A atriz Raquel Marreiro participou pela segunda vez do festival e comenta sobre, agora, se sentir mais experiente: “De primeira a gente só vai sem experiência, sem nada! Mas dessa segunda vez foi tudo! Trabalhei em duas cenas, trabalhei dois meses sem ter tempo nem de respirar, mas valeu muito a pena”. E, graças a esse esforço, a atriz venceu também na categoria de Melhor Atriz. “Foi a melhor sensação do mundo! Melhor sensação! Porque aí você sente que foi o trabalho cumprido, sabe? Ver que todo aquele esforço, toda aquela luta, valeu a pena”, comentou a atriz. Além disso, ela conta que se encontrou no teatro e não pretende sair: “Teatro é vício! O Teatro é uma droga que mexe com o coração. Depois que você entra você não sai do teatro, e o teatro não sai de mim!”
Na sexta apresentação da noite, a cena “Liberté” impactou o público com a atuação e um assunto importantíssimo de ser falado: a vida dos negros após a abolição da escravatura. O texto clássico já foi interpretado em edições anteriores do Festival, mas esse ano contou com a atuação de Paula Mendonça como Chinga e Bile Zampaolo como o funcionário. Liberté levou o prêmio de “Melhor Cena” pelos jurados. O jurado Gabriel Mendes participou pela primeira vez do festival e comentou: “Existe um teatro nascendo e renascendo no Rio de Janeiro e um dos berços desse teatro é, com certeza, a Maré.
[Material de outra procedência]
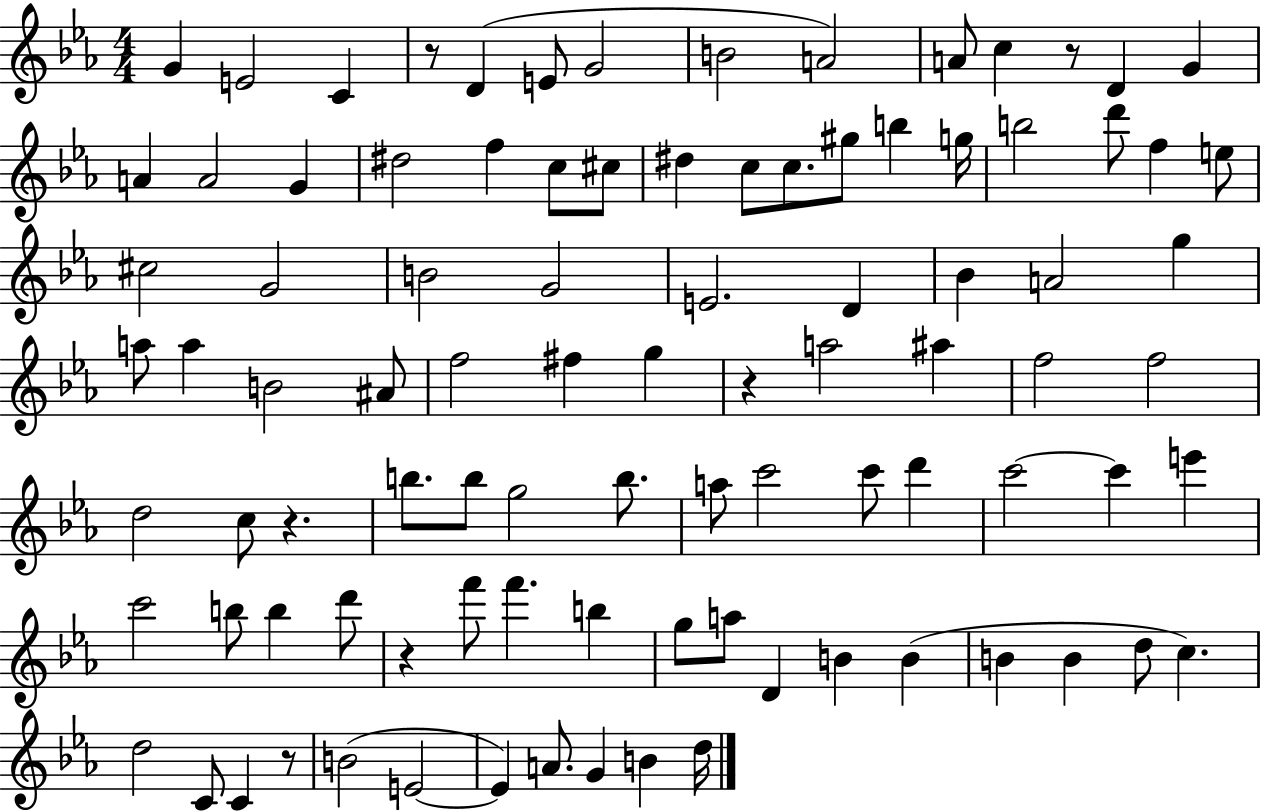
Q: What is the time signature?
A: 4/4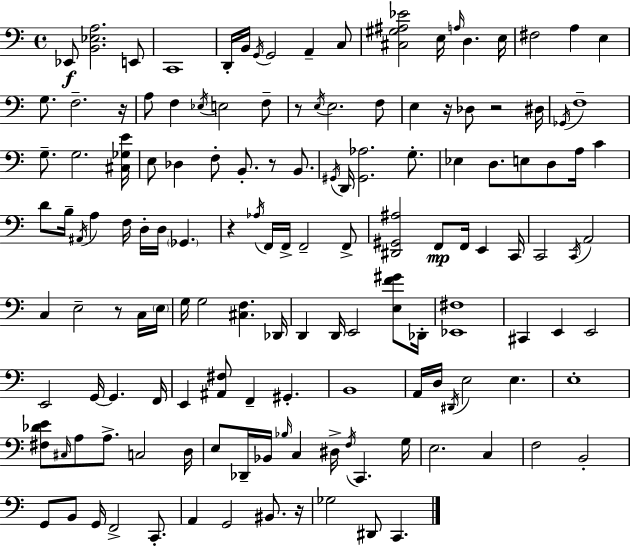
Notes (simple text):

Eb2/e [B2,Eb3,A3]/h. E2/e C2/w D2/s B2/s G2/s G2/h A2/q C3/e [C#3,G#3,A#3,Eb4]/h E3/s A3/s D3/q. E3/s F#3/h A3/q E3/q G3/e. F3/h. R/s A3/e F3/q Eb3/s E3/h F3/e R/e E3/s E3/h. F3/e E3/q R/s Db3/e R/h D#3/s Gb2/s F3/w G3/e. G3/h. [C#3,Gb3,E4]/s E3/e Db3/q F3/e B2/e. R/e B2/e. G#2/s D2/s [G#2,Ab3]/h. G3/e. Eb3/q D3/e. E3/e D3/e A3/s C4/q D4/e B3/s A#2/s A3/q F3/s D3/s D3/s Gb2/q. R/q Ab3/s F2/s F2/s F2/h F2/e [D#2,G#2,A#3]/h F2/e F2/s E2/q C2/s C2/h C2/s A2/h C3/q E3/h R/e C3/s E3/s G3/s G3/h [C#3,F3]/q. Db2/s D2/q D2/s E2/h [E3,F4,G#4]/e Db2/s [Eb2,F#3]/w C#2/q E2/q E2/h E2/h G2/s G2/q. F2/s E2/q [A#2,F#3]/e F2/q G#2/q. B2/w A2/s D3/s D#2/s E3/h E3/q. E3/w [F#3,Db4,E4]/e C#3/s A3/e A3/e. C3/h D3/s E3/e Db2/s Bb2/s Bb3/s C3/q D#3/s F3/s C2/q. G3/s E3/h. C3/q F3/h B2/h G2/e B2/e G2/s F2/h C2/e. A2/q G2/h BIS2/e. R/s Gb3/h D#2/e C2/q.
O trabalho que o Entre Lugares tem feito aqui ao longo desses mais de dez anos é extremamente poderoso e é extremamente fundamental para a renovação da cena teatral carioca, trazendo essa galera desse território para o palco e dando protagonismo a eles”.
Além do prêmio de Melhor Cena pelos jurados, o aluno/ator Bile Zampaolo, que participou pela primeira vez do festival, também venceu como Melhor ator revelação!
A cena “Grade de Teia” de texto autoral, foi escrita por Jade Cardozo, inspirada em Alethea Dreams, de Rafael Souza Ribeiro. Ela conta: “fazendo algumas pesquisas de campo, eu tava pesquisando muito sobre a Operação Tarântula, que aconteceu em 77. E eu queria encaixar isso de alguma forma em algum texto, só que acabou criando esse novo texto, né, com base também num conformismo que a sociedade vem tendo ultimamente de aceitar tudo que o sistema dá pra ela, sabe? E veio assim, além do texto do Rafael Souza Ribeiro, casou muito com a proposta também do que eu queria falar”. Na cena as fronteiras entre o real e o imaginário se entrelaçam e “explora o conflito entre identidade e conformidade em uma sociedade opressora”. A autora Jade compôs a cena como Valkiria, a atriz Juliana Costa como Lúcia e o ator Victorio como Cabo Teixeira.
E mais uma vez, o Festival de Cenas Curtas fez um grande sucesso, mantendo o público concentrado e aflito pelos resultados, até às 04:00 da manhã! Para além do grande dia de apresentação, o festival é construído meses antes, onde os alunos, professores e equipe técnica precisam de horas de ensaios, oficinas formativas, e ao mesmo tempo, não se deixarem abater pelos problemas cotidianos que tornam tudo mais difícil. Sendo, até mesmo um desses problemas as operações policiais na Maré, que fizeram com que o Entre Lugares adiasse o evento.
A aluna Anna Sol fala sobre como, apesar das dificuldades, o projeto segue cumprindo com sua missão de estar junto com esses jovens e adolescentes na luta e amor pelo teatro: “Acredito que o diferencial daqui para os outros lugares seja realmente um acolhimento. A gente faz muito com muito pouco, então com pouco recurso, mas com muito carinho, com muito cuidado, muito afeto, muito diálogo… Então me senti muito acolhida, me senti muito bem! Pretendo voltar aqui mais vezes, pretendo estar nos outros festivais dos outros anos, então esse rostinho gravem, que eu vou permanecer!”.